The film, based on a story idea by Will Smith, is set 1,000 years in the future and charts a father and son's war to survive after their spaceship breaks apart due to a meteor shower and crash lands on earth. Earth is now an uninhabited toxic planet that has evolved in every way to kill humans. When these survivors realize that the only working device to send out a distress signal to their home land is in the tail end of the airplane – incredibly, miles from where the rest of the vessel has landed – the son, Kitai Raige (Jaden Smith), must overcome every fear he has of what lurks on the deserted planet, and go on a perilous journey to find the signal and save his father, Cypher Raige (Will Smith), who was injured during their fall.
Not since "Pursuit of Happiness," have this father and son teamed up to carry a movie. Unlike the prior flick, which was focused on Will's character, "After Earth" really is Jaden's film – a coming of age tale of about a boy exacting his fortitude in the face of adversity.
If I can be honest, this film is a bit of a departure from that "Big Willie" style of movie we're used to seeing come out of the Smith camp, but all is not lost on the journey. No, this isn't "Independence Day," "Men in Black," or even "I am Legend." This is an M. Night Shymalan ("Sixth Sense," "Lady in the Water") vehicle, which means you need to make room for the unconventional writer/directors otherworldly interpretations of your typical boy becoming a man plot.

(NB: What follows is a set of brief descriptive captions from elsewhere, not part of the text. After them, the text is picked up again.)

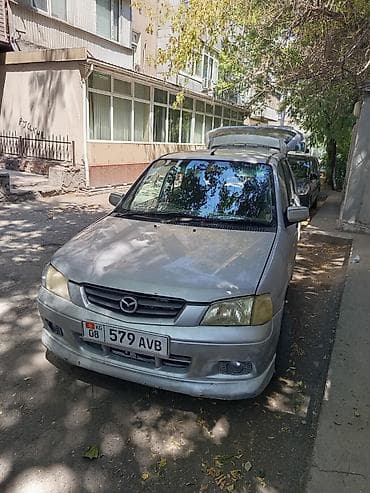 Mazda Demio: 2001 г., 1.5 л, Автомат, Бензин, Хэтчбэк — 1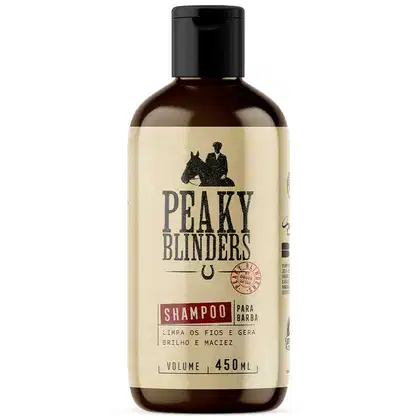 Frasco de shampoo da marca Peaky Blinders, com rótulo bege e preto, contendo 450 ml do produto. O rótulo apresenta o nome da marca em destaque e informações sobre o uso do shampoo para barba.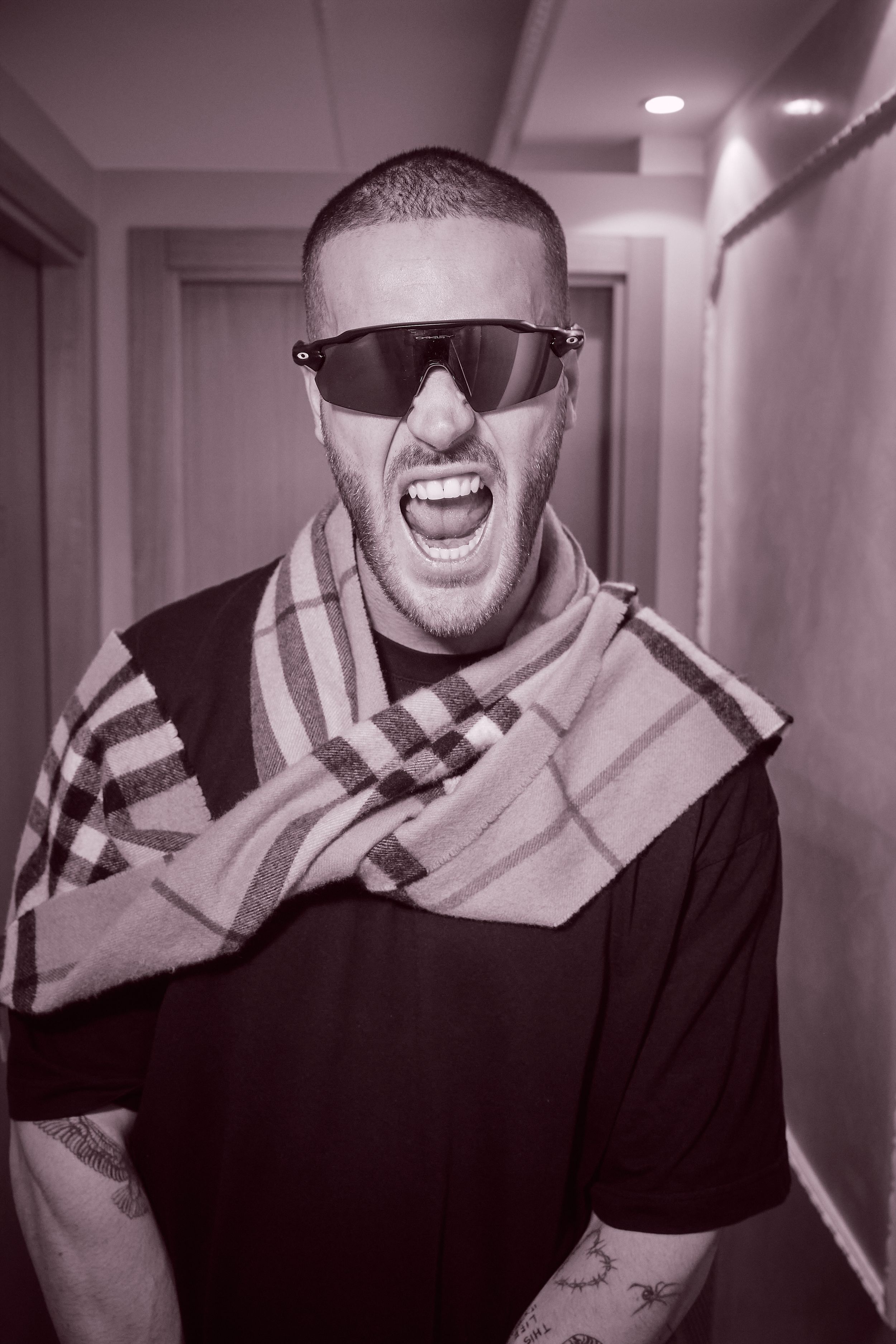 Excited performer in sunglasses and striped scarf laughs in hallway.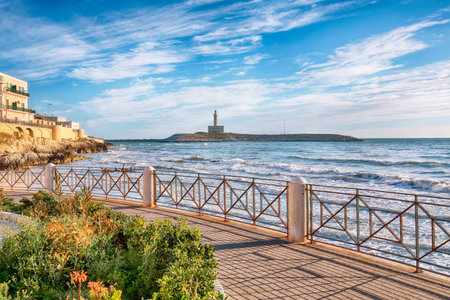 Stunning view on Lighthouse of Vieste, rising on the isle of Santa Eufemia. Lighthouse In Vieste, Gargano Peninsula, Apulia region, Italy, Europeの写真素材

The film is pretty much a bare bones adventure choosing to leave the fat of the journey in the mind of our protagonist, Jaden. After being shipwrecked on toxic planet earth, Will never really leaves their nearly demolished space craft, rather he settles into the role of being Jaden's "eyes" from the ship – the voice from the lookout beacon trying to narrate his son to safety. Up until the end of the great adventure, most of the obstacles Jaden has to overcome start first in his mind. At the very beginning of the film, Will's character offers a memorable speech in the same vein as Dale Carnegie's famous training on the idea that fear does not exist except in the mind. The elder Smith is trying to teach his son to live in the present moment, and to keep a sound mind, rather than borrow fear from a future outcome one is not presently facing. Danger is real, he tells his son, but fear only exists in the mind.
The film was rewarding, and what it lacks in storyline, is made up in life lessons and a genuine experience.